ORGANISATIONS COLLECTIVES, PENSÉE LIBERTAIRE ET EXPÉRIENCES D’ARTISTES

Roxane Bovet

« La vie est longue et le travail, quel qu’il soit, est toujours pénible. Je ne voulais pas y aller. Je voulais être artiste. Ce choix a été une vanité, et l’exercice d’un privilège, et pourtant je suis convaincue que mon désir était avant tout défensif. Le monde de l’art m’ennuie, m’agace, me révolte, mais le monde tout court m’horrifie. Être artiste me plaçait hors du monde, m’en protégeait. Être artiste m’autorisait à détester le monde, à croire que je pouvais le refuser. Refuser d’en faire partie, refuser la définition du travail qu’on m’impose, la définition du bonheur qu’on m’agite sous le nez, la définition de l’amour qu’on me jette à la gueule.»
Johana Blanc, Les déserteuses, 2023

Linda Good Bryant est une femme noire qui vit dans le New York des années 70. Quand elle ouvre la galerie Just Above Midtown, elle a 25 ans, elle est mère célibataire et n’a pas un sou. En y pensant de manière sensée et rationnelle, elle est la dernière personne à pouvoir se permettre une entreprise nécessitant un investissement temporel à 200% et de larges ressources financières. Mais la pensée rationnelle est faite pour celles qui peuvent accepter le monde tel qu’il est, or ce sont justement ces obstacles qui font que Linda n’a pas d’autre choix pour exister que de créer un univers parallèle.

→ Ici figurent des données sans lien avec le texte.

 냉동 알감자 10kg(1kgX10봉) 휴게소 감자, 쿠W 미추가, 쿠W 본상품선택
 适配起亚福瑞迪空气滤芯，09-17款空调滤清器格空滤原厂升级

Entre invention et paradoxe, ce Think.Zone propose une réflexion croisée entre art et pensée libertaire. Notre parcours sera composé d’une série de notions théoriques, de projets artistiques, de romans et d’expériences militantes nous permettant de penser ensemble notre capacité à inventer des modèles d’organisation autres. Le refus du travail de Marcel Duchamp aurait-il été le même si ses connexions et héritages ne l’avaient pas mis à l’abri de la nécessité? Avec une conscience de classe, nous nous intéresserons à des personnes qui changent les cadres, les moyens et les structures au sein desquelles elles entendent travailler, penser, créer et vivre.

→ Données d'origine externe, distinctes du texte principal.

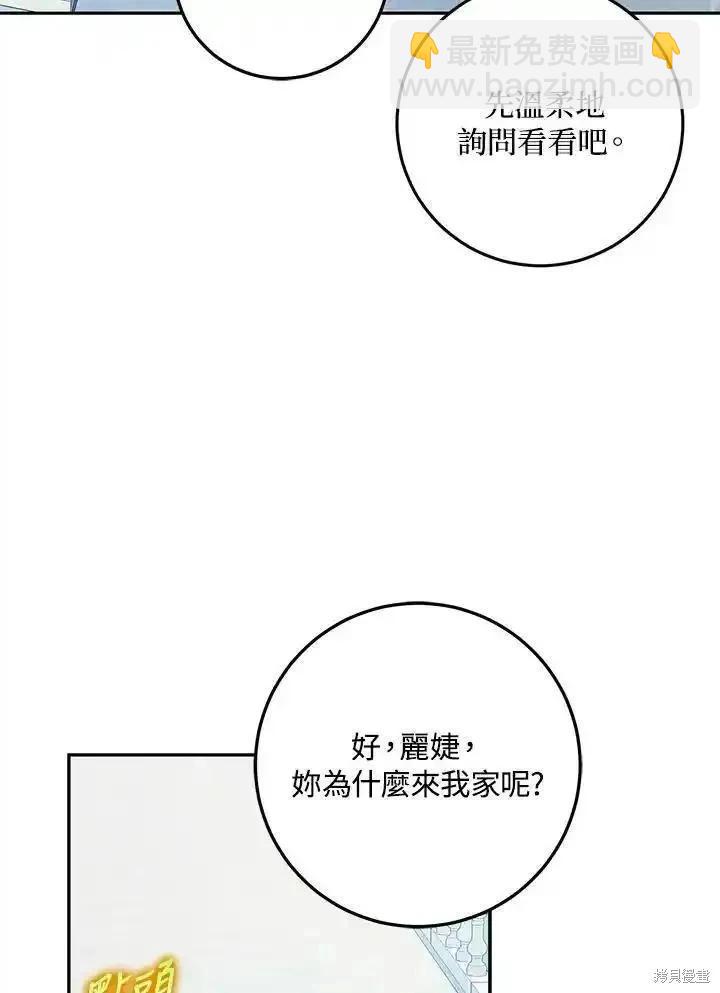 第84话90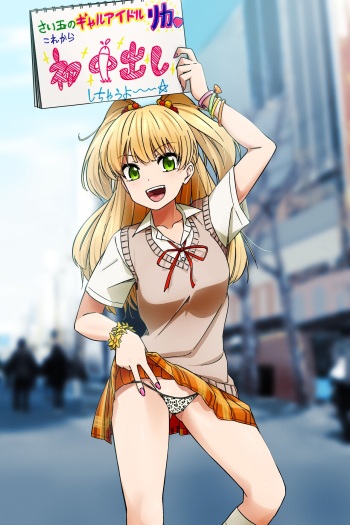 Rika-chan no Hokoten Nakadashi Snap cover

Mais surtout nous nous intéresserons à la manière dont ces revendications prennent corps dans la réalité du monde physique. À la fois Stakhanoviste, agent du marché de l’art et trimard, le statut d’artiste professionnel·le·x est fondamentalement emprunt de paradoxes. À l’image de Carla Lonzi ou Goliarda Sapienza -qui mettent en garde contre «la consommation de toute idée, aussi proche de nous soit-elle, qui aura été rendue comestible par sa dialectique immédiate»- nous tenterons de nous tenir le plus loin possible des pensées dogmatiques et dichotomiques. Nous tenterons d’embrasser les paradoxes de la pensée incarnée, cette complexité qui s’impose dès que l’on quitte le monde éthéré des idées. Ainsi, nous aborderons les notions de liberté, de travail ou d’autonomie dans toute leur complexité et leur incohérence.

L'objectif de cet atelier est de promouvoir la discussion, la pensée critique et le positionnement éclairé des étudiantex.